→ Instructions to follow: Take the lines below from the one with "Fiat Doblò1.3 MTJ" through the one with "online show from 02.04.25" and retype them exactly. Include nothing else, and no pictures.
START Data for review
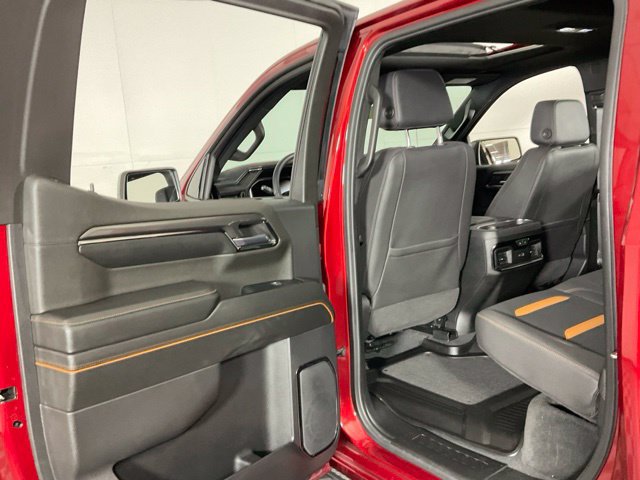 Used 2024 GMC Sierra 1500 AT4 w/ Technology Package AWD/4WD image 33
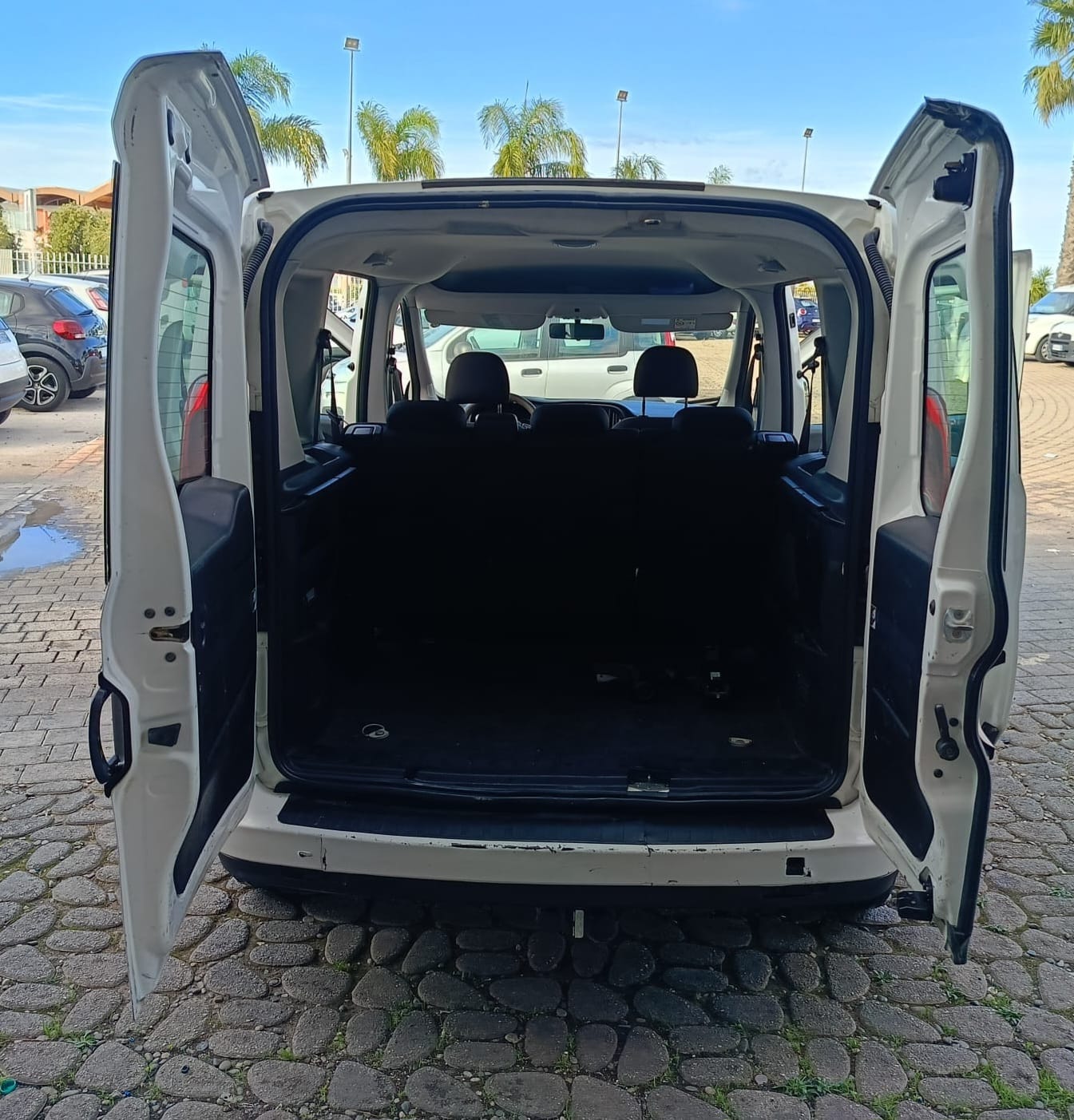 Fiat Doblò1.3 MTJ Autocarro con gancio traino N1 5 posti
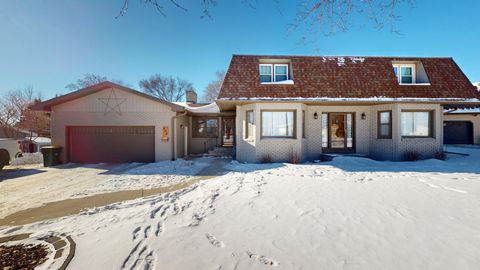 Homes For Sale - 404 Garden Road<br/> Freeborn County, Albert Lea, MN 56007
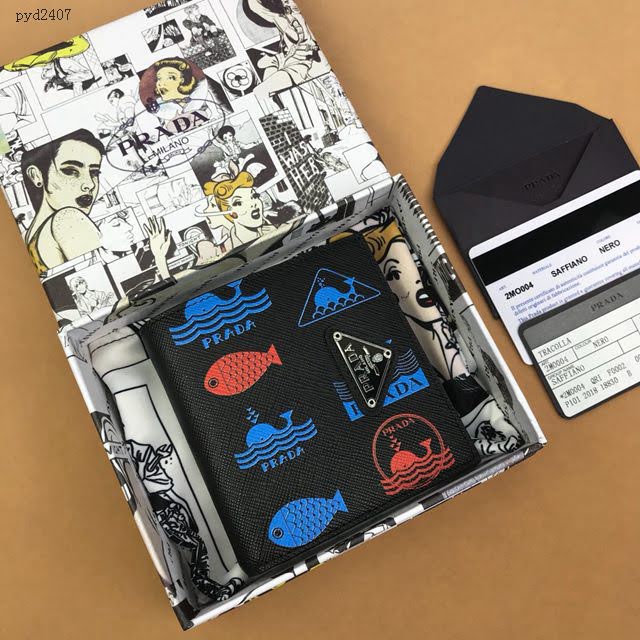 prada錢包 普拉達2020最新款限量版短錢夾 2MO004 Prada鯨魚圖案黑色短錢包  pyd2407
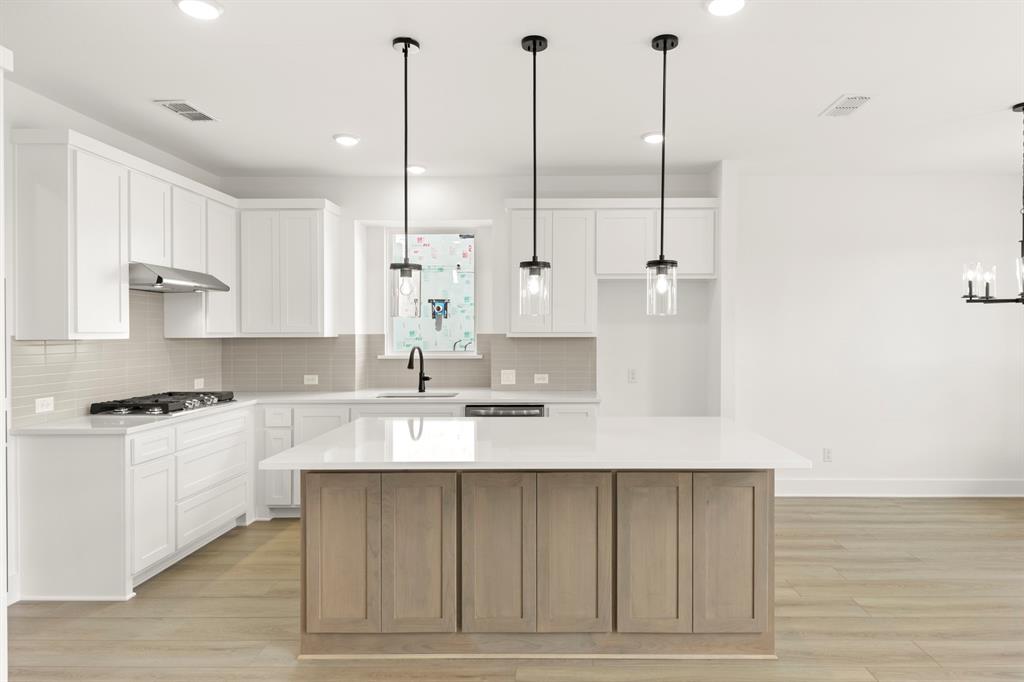 937 Gold Finch Lane Forney, TX 75126 - Photo 11 of 26 11. 937 Gold Finch - Kitchen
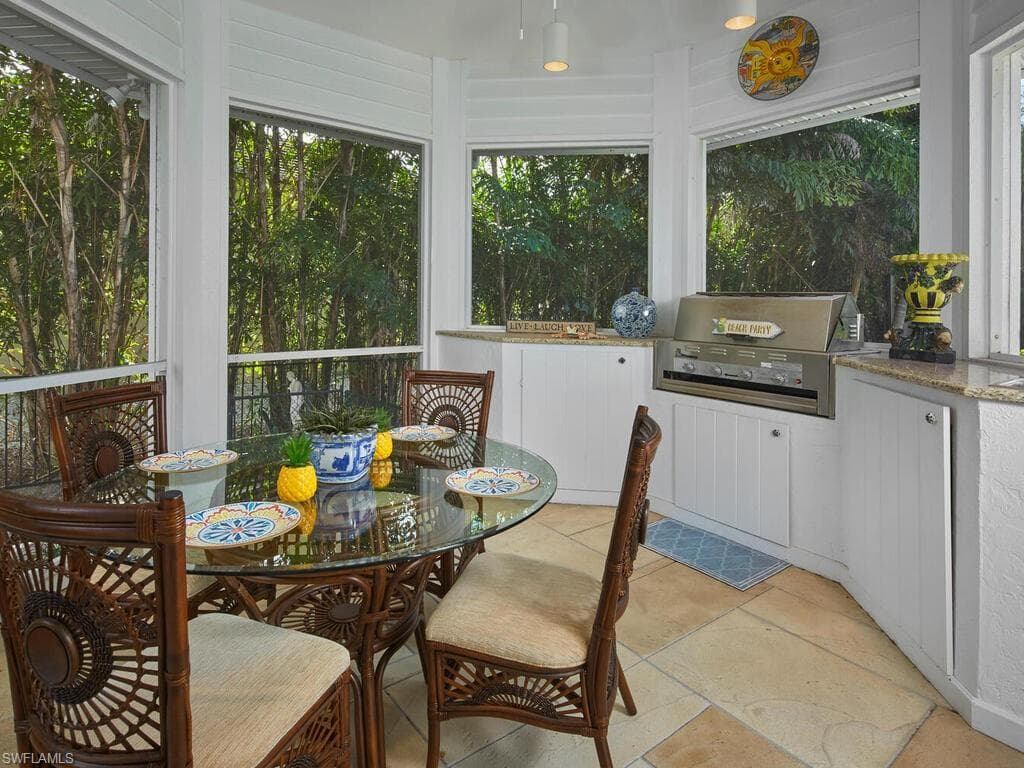2750 Treasure Ln, Naples, FL 34102-27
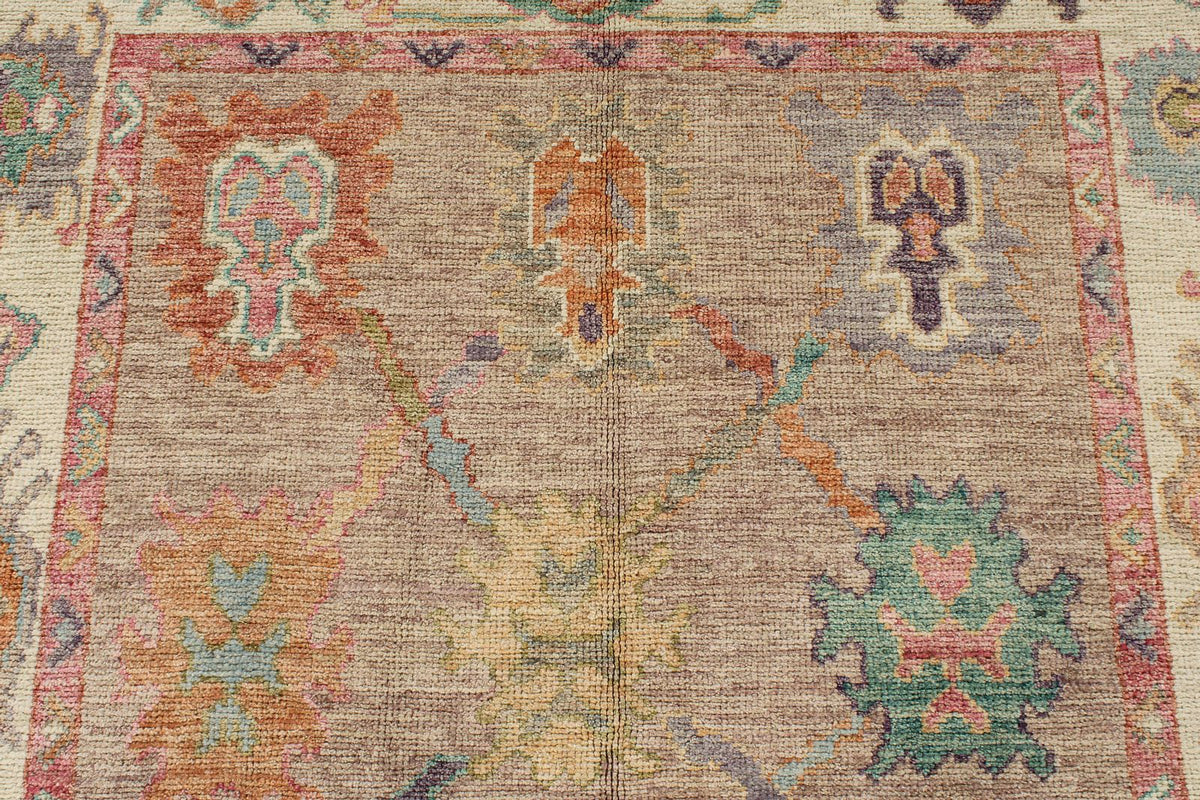 5x7 Gray and Ivory Turkish Oushak Rug
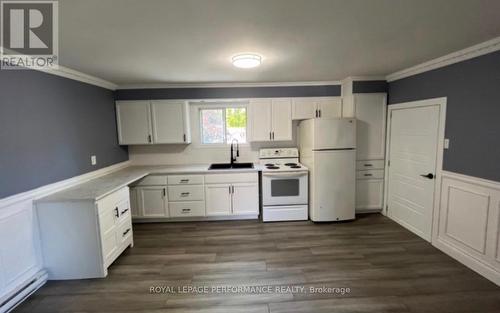 upstairs - 301 Third Street W, Cornwall, ON - Indoor Photo Showing Kitchen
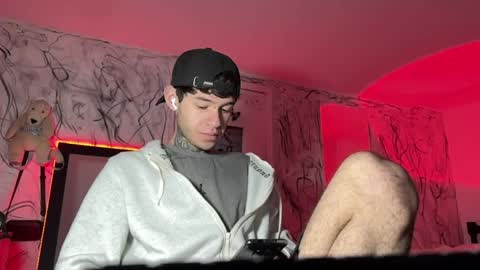   online show from 02.04.25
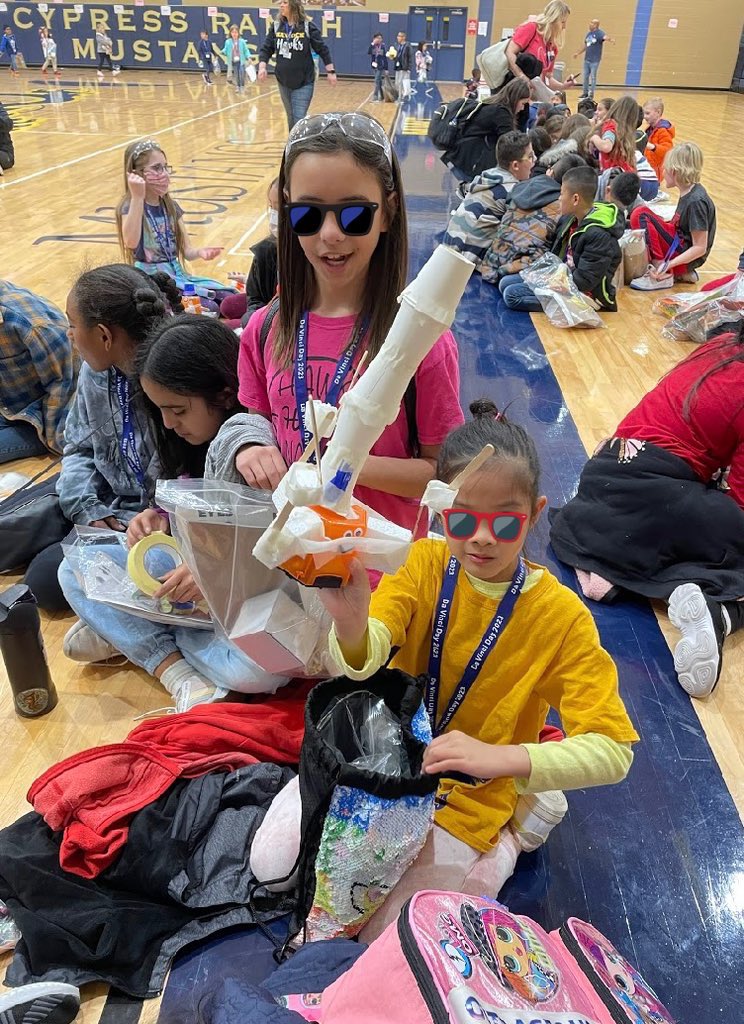 CFISD_Hancock's tweet photo. Some of our Hawks were caught soaring at @CyRanchHS for #DavinciDay2023! So much creativity!  Thank you Mrs. Windham and Ms. Johnston for attending with our Hawks! @FelderTamera @CarrieAnneEd @Counselorette16 @3rdSJohnston #CFISDspirit #CFISDDVD https://t.co/Pvtj1uXnai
END Data for review
→ Task result:
 Fiat Doblò1.3 MTJ Autocarro con gancio traino N1 5 posti
 Homes For Sale - 404 Garden Road<br/> Freeborn County, Albert Lea, MN 56007
 prada錢包 普拉達2020最新款限量版短錢夾 2MO004 Prada鯨魚圖案黑色短錢包  pyd2407
 937 Gold Finch Lane Forney, TX 75126 - Photo 11 of 26 11. 937 Gold Finch - Kitchen
2750 Treasure Ln, Naples, FL 34102-27
 5x7 Gray and Ivory Turkish Oushak Rug
 upstairs - 301 Third Street W, Cornwall, ON - Indoor Photo Showing Kitchen
   online show from 02.04.25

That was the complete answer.